The Inspector General of Police, Kayode Egbetokun, has said that the police are pursuing a man who was actively involved in the Sudan crisis and is now attempting to mobilise efforts to destabilise Nigeria.
He denied that the recent police raid was targeted at the NLC leadership.
Egbetokun spoke on Monday in Abuja.
He said, “My response to this will be in three parts. Number one is that, of course, our responsibility is not to protest but to manage protests. Two is that, based on the intelligence at the disposal of the police, anyone who knows what we know about this protest would not come out to protest.
“We had intelligence at our disposal that some agents of destabilisation are ready to use the hardship protest to destabilise our country.
“I won’t be able to share the details yet because we are still on the trail of these individuals. Some of them are already out of the country, and they immediately escaped.
“Some of them are even foreigners. One of them was traced to the Labour House the other day, and I was just wondering why the noise about the raid on the Labour House when the police raided the Labour House. We raided only a shop that the individual was using as a front, and we have been monitoring his activities.

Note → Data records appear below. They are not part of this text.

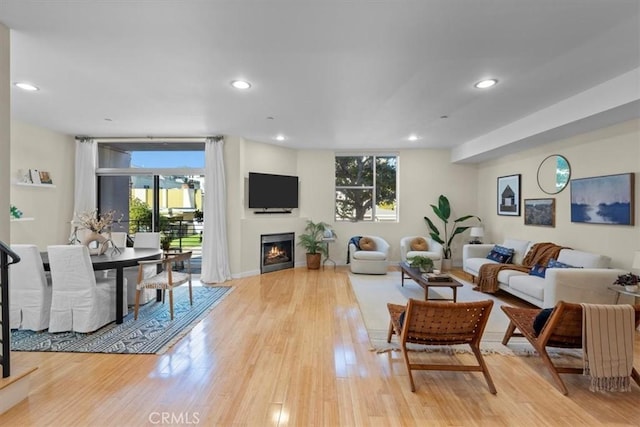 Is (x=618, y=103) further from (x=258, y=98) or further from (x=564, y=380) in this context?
(x=258, y=98)

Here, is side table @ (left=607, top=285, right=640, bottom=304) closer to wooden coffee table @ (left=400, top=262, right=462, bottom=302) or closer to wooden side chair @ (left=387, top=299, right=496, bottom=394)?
wooden coffee table @ (left=400, top=262, right=462, bottom=302)

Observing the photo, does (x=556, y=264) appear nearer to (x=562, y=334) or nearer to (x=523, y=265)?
(x=523, y=265)

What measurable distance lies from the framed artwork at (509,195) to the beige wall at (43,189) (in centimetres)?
842

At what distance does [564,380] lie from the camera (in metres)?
2.44

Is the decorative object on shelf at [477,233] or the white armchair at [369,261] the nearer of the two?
the white armchair at [369,261]

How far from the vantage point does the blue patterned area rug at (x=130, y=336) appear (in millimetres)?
2902

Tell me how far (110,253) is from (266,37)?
3.38 metres

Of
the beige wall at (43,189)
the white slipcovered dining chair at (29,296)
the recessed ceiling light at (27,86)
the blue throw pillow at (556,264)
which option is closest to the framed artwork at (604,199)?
the blue throw pillow at (556,264)

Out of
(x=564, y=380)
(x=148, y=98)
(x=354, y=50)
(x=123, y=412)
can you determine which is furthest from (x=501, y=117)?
(x=123, y=412)

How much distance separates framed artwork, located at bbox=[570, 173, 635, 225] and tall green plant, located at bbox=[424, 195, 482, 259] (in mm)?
2410

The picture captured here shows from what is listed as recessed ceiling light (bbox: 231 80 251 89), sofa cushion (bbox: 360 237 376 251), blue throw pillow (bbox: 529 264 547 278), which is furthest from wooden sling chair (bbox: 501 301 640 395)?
sofa cushion (bbox: 360 237 376 251)

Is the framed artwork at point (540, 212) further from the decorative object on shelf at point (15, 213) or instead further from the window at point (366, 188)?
the decorative object on shelf at point (15, 213)

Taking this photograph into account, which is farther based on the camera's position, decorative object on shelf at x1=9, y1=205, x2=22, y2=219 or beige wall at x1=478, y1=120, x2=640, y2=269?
decorative object on shelf at x1=9, y1=205, x2=22, y2=219

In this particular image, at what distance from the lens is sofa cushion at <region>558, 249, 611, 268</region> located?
3680 millimetres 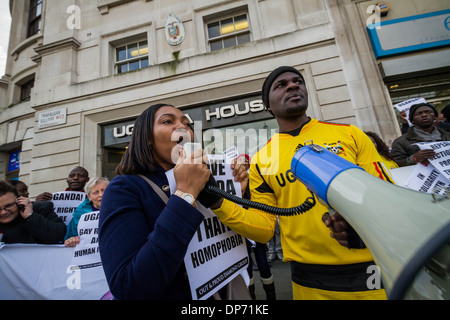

“He was very active in the Sudan crisis, and he’s in Nigeria mobilising people to destabilise our country. We traced him to that shop, and our detectives raided his shop. We recovered valuable documents, so there was no need for the noise about the raid on the Labour House.”
He said that the police were against the protest because of the #ENDSARS experience.
He said, “I always refer to the #ENDSARS protest, which turned violent. It started initially as peaceful, but any protest that is mobilised on social media has the potential to be violent because when you are mobilising on social media, you are mobilising the whole population, including criminals. So the idea of the protest being hijacked—I don’t believe that a protest that is mobilised on social media is hijacked.
“Hijacked by who? By the same people that were mobilised for the protest. So our experience in past protests would not make the police want to take part in any protest that we know is going to be violent.”